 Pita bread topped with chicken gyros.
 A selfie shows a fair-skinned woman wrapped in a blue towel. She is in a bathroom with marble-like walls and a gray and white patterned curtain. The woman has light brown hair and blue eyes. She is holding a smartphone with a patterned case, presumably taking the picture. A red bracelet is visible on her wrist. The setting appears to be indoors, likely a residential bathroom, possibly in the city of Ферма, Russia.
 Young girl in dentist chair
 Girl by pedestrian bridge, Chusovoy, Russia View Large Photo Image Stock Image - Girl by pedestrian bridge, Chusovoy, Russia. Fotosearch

==

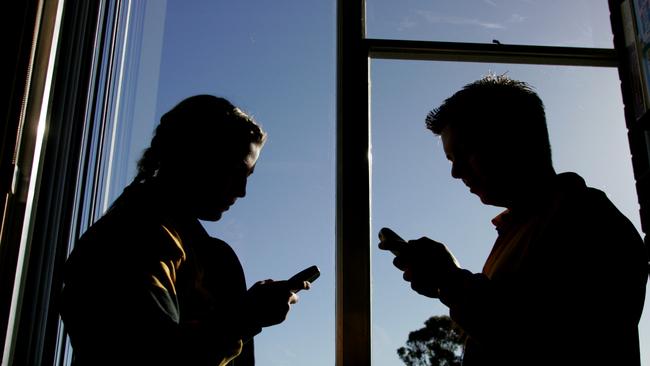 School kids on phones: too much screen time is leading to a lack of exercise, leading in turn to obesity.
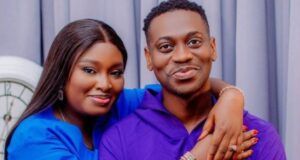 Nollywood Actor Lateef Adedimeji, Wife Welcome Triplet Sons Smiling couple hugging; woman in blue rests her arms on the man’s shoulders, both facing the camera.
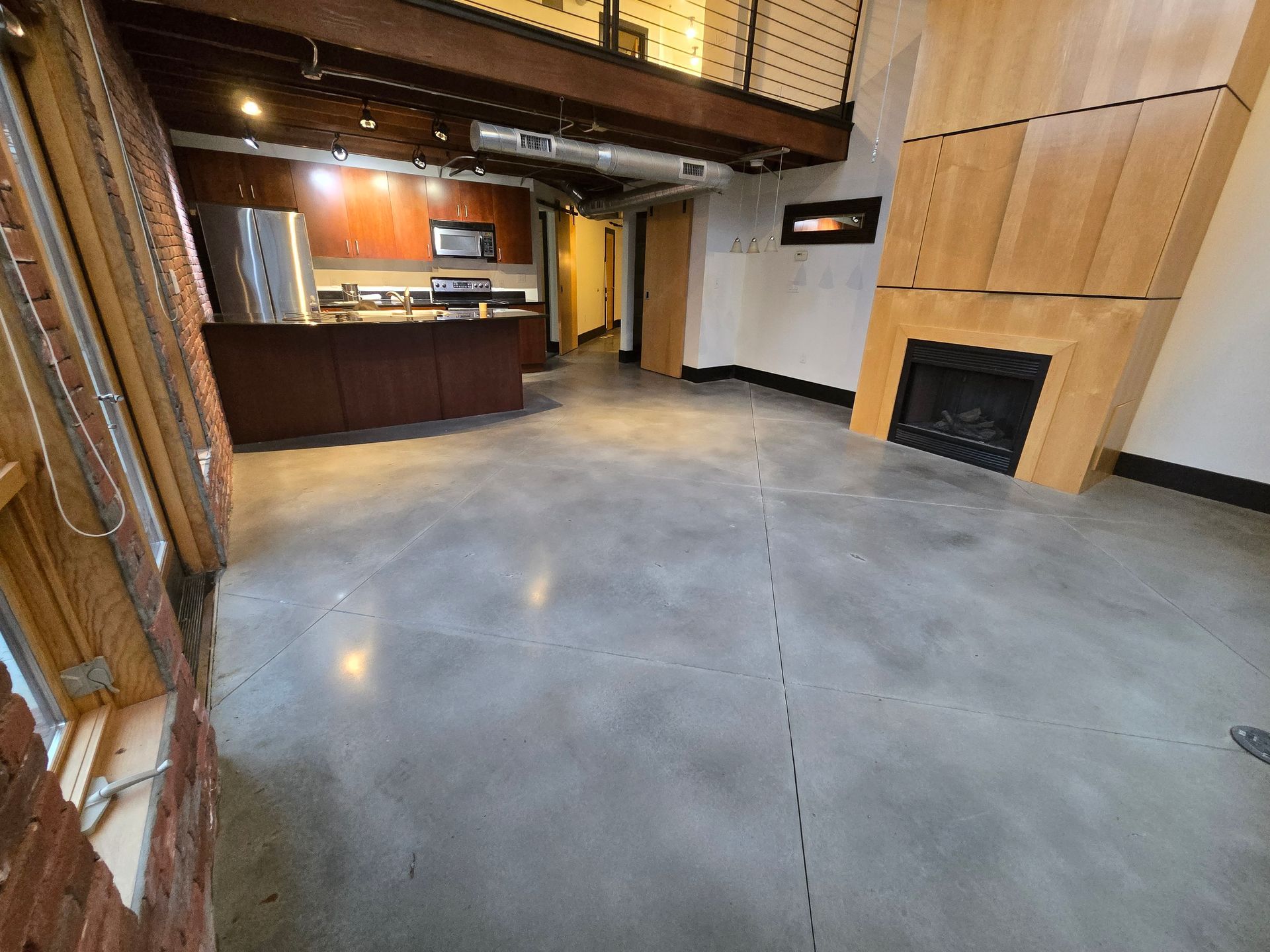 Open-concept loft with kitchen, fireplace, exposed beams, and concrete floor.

--

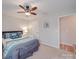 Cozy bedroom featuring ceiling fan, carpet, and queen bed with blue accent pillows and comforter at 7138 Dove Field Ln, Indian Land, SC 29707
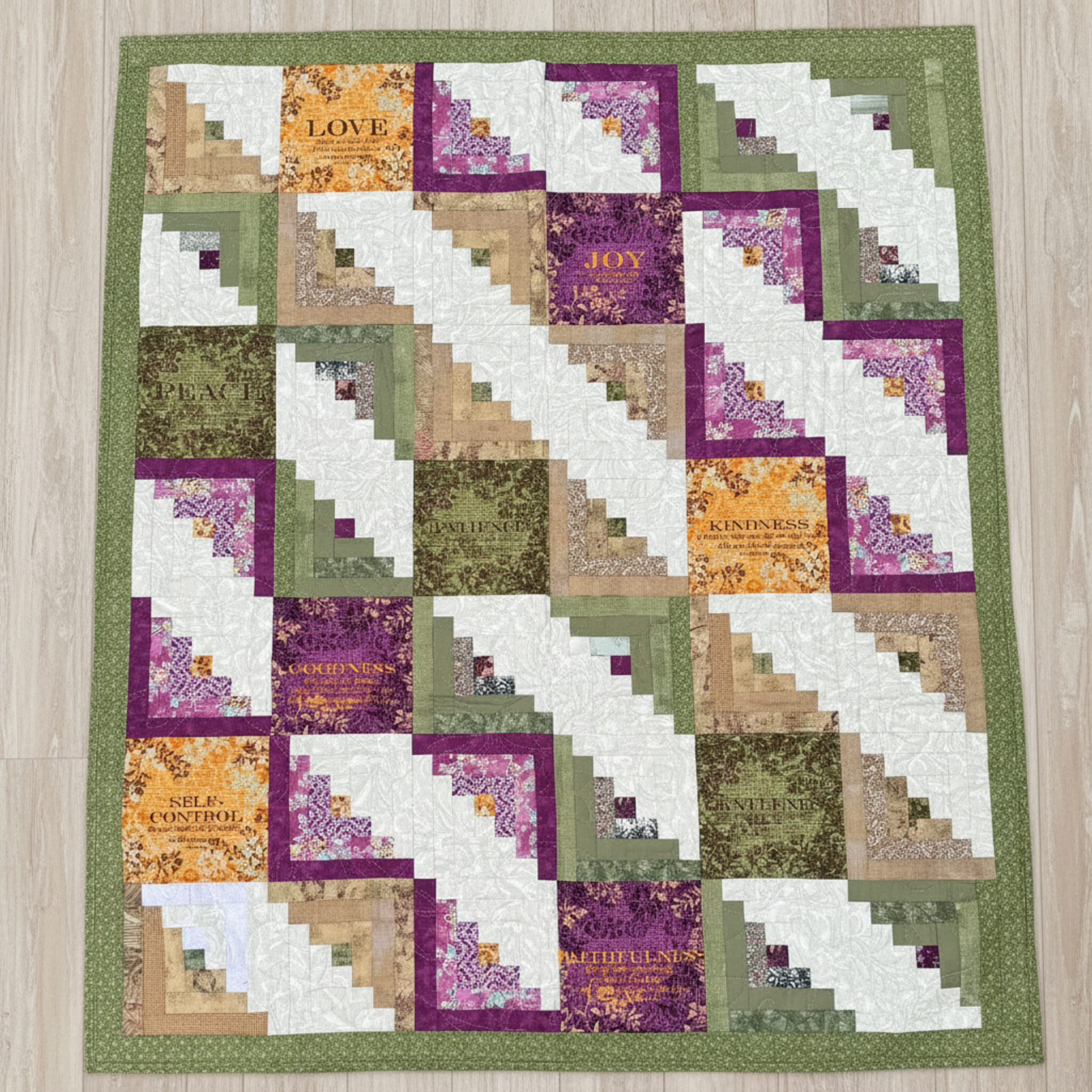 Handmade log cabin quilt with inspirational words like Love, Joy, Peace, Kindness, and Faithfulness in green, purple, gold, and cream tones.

WORK REQUIRED: What you give back must be the stretch above, starting at the line with "Pita bread topped with chicken gyros." and ending at the line with "A selfie shows", copied exactly.

RESULT OF THE EXERCISE:
 Pita bread topped with chicken gyros.
 A selfie shows a fair-skinned woman wrapped in a blue towel. She is in a bathroom with marble-like walls and a gray and white patterned curtain. The woman has light brown hair and blue eyes. She is holding a smartphone with a patterned case, presumably taking the picture. A red bracelet is visible on her wrist. The setting appears to be indoors, likely a residential bathroom, possibly in the city of Ферма, Russia.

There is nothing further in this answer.